As sample collection was conducted in the dry season associated with low malaria transmission, the proportion of subjects infected with Plasmodium was predictably low. Because of reports that P. falciparum was the more prevalent Plasmodium species in Odisha, we were surprised to observe higher rates of P. vivax in this sample.16 There were also high rates of coinfection. Each subject infected with P. falciparum also carried P. vivax. Analysis of coinfections revealed that Lactobacillus abundance was similar in uninfected, helminth-only, and Plasmodium/helminth coinfected microbiomes. With greater sample size, we might have distinguished the uninfected controls from the other groups. Our sample size was sufficient to determine that Lactobacillus was significantly more abundant in Plasmodium-only microbiomes. This suggests that Lactobacillus abundance observed in coinfected microbiomes is driven by helminths more so than Plasmodium, possibly due to the direct contact between helminths and microbiota in the GI tract. However, the association found with the two social factors related to educational status and number of children in a family investigated in this study point to the existence of more complicated pathways which may govern this relationship (Table 2). The results of this study are based on observational data and must not be used to draw conclusions about cause and effect. Further, because of convenient sampling, our small sample may have included only a narrow swath of the Rourkela and Bhubaneswar populations.

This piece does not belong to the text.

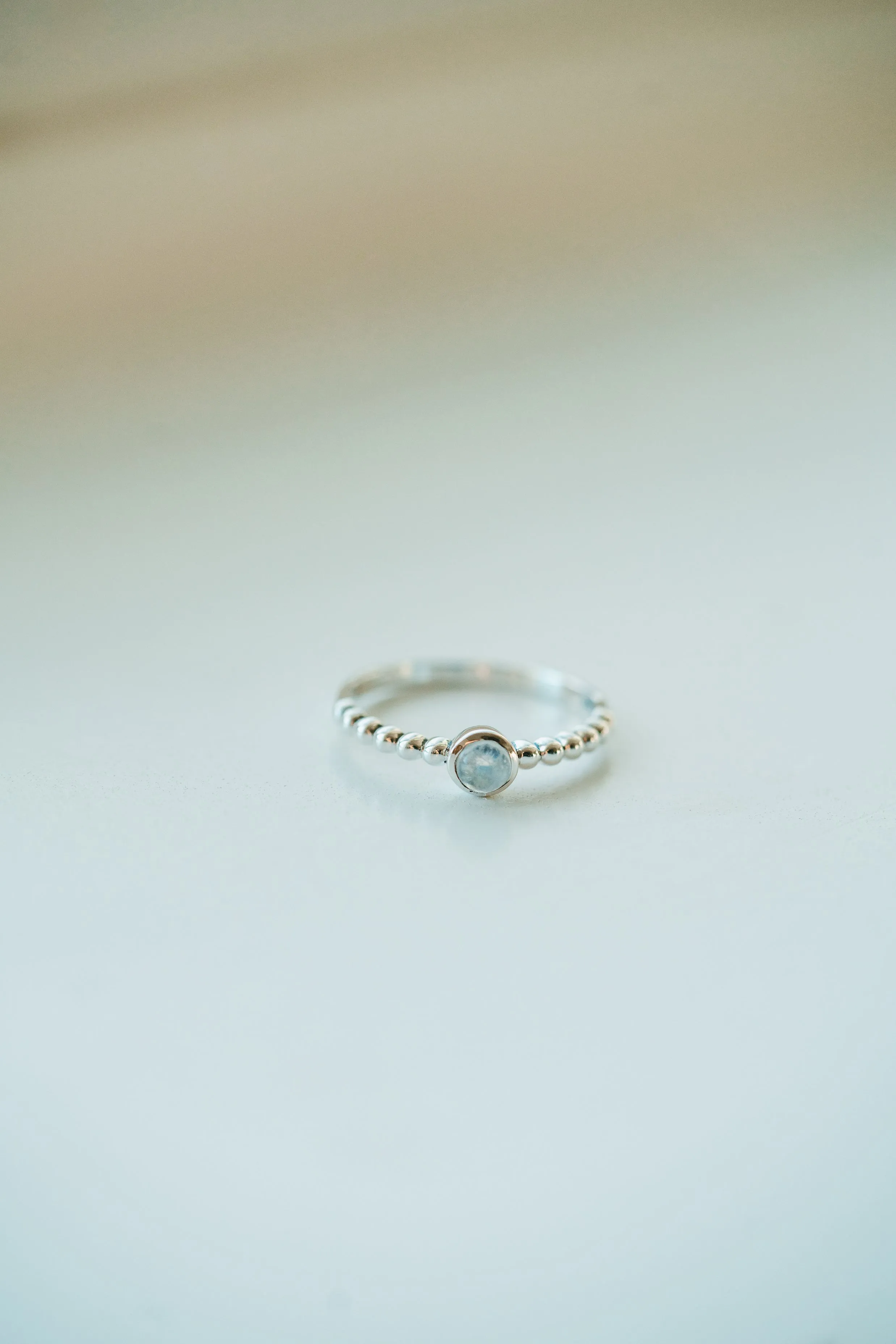 Chanel Ring | Moonstone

This study contributes to efforts to understand effects of the microbiome on host susceptibility to parasitic infections in endemic communities. We have derived a first microbiome community profile associated with STH infections in Odisha and tested the hypothesis that the gut microbiome can modulate host susceptibility to multiple parasite infections through the same pathways. We observed increased Lactobacillus among Plasmodium-only subjects but reduced Lactobacillus among STH-only subjects and those carrying coinfections (Figure 2). This indicates that relative abundance of Lactobacillus may influence susceptibility to either type of parasite, but in opposite directions. It may also govern coinfection with STH infections and malaria in this setting. A larger study is required to confirm these first findings and to identify the mechanisms behind the observed associations between the gut microbiome and host infection.